▸ **TASK**
Please restate the entries verbatim. The copy should hold no pictures.

▸ **THE DATA**
■ ■ ■ ■
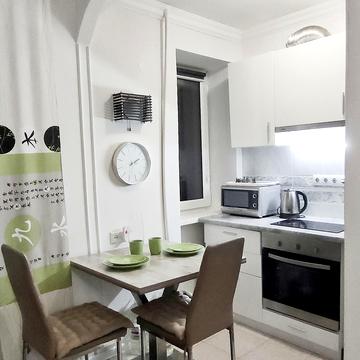 Зоологічна вул., 8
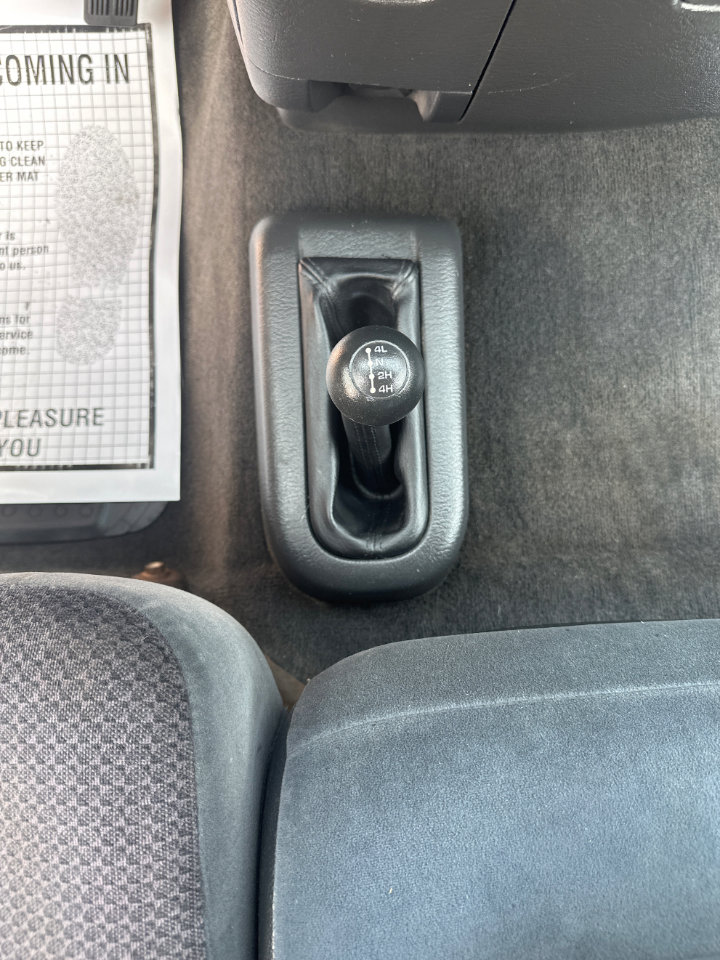 Used 2005 Dodge Ram 1500 Truck SLT w/ Quad Cab Big Horn Value Group image 21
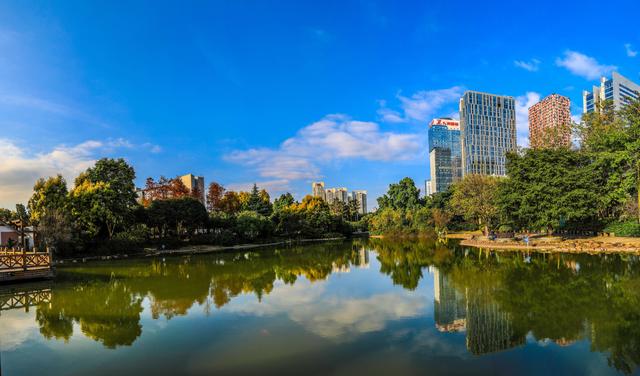 涛光碧影城似锦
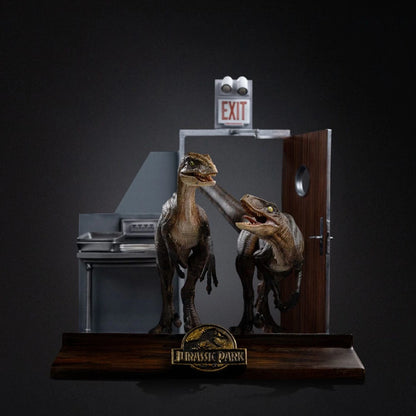 Jurassic Park statuette 1/10 Art Scale Raptors at the Kitchen's Door 28 cm - Image 4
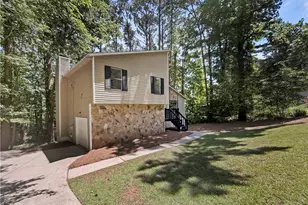 3924 Chimney Ridge Ct, Ellenwood, GA 30294 - Photo 2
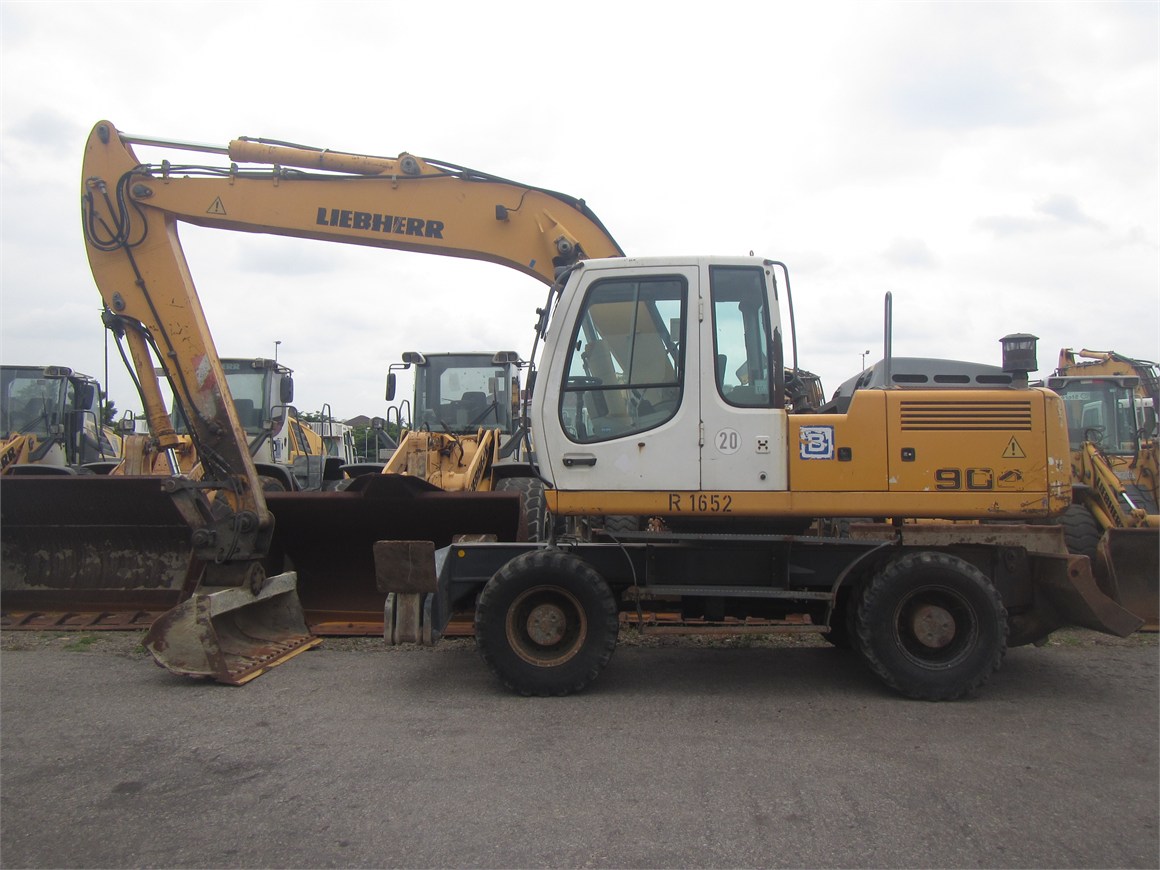 R-1652 EM Wheel Excavator A904C 1.1m³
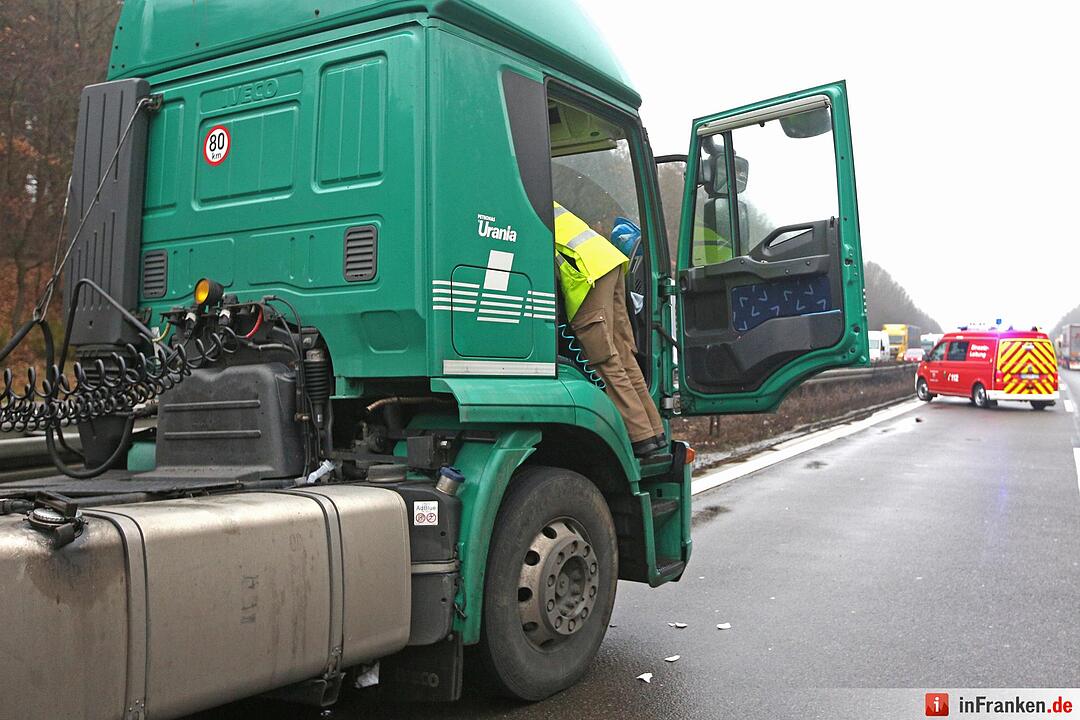 Kilometerlange Staus nach Lkw-Unfall auf der A3 - Fahrer erleidet wŠhrend Fahrt Herzinfarkt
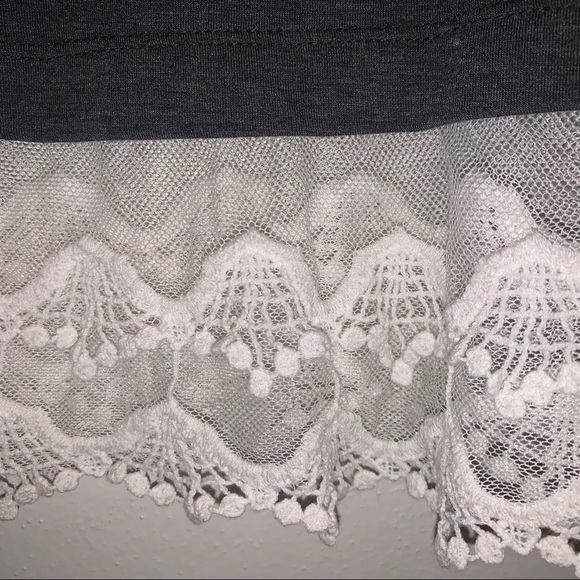 AB Studio Scoop Neck Top with Lace Trim Women’s Size Medium - Picture 4 of 10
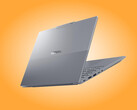 Il ThinkBook 14 Gen Q8Y nella sua finitura Luna Grey.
■ ■ ■ ■
▸ **RESPONSE AREA**
 Зоологічна вул., 8
 Used 2005 Dodge Ram 1500 Truck SLT w/ Quad Cab Big Horn Value Group image 21
 涛光碧影城似锦
 Jurassic Park statuette 1/10 Art Scale Raptors at the Kitchen's Door 28 cm - Image 4
 3924 Chimney Ridge Ct, Ellenwood, GA 30294 - Photo 2
 R-1652 EM Wheel Excavator A904C 1.1m³
 Kilometerlange Staus nach Lkw-Unfall auf der A3 - Fahrer erleidet wŠhrend Fahrt Herzinfarkt
 AB Studio Scoop Neck Top with Lace Trim Women’s Size Medium - Picture 4 of 10
 Il ThinkBook 14 Gen Q8Y nella sua finitura Luna Grey.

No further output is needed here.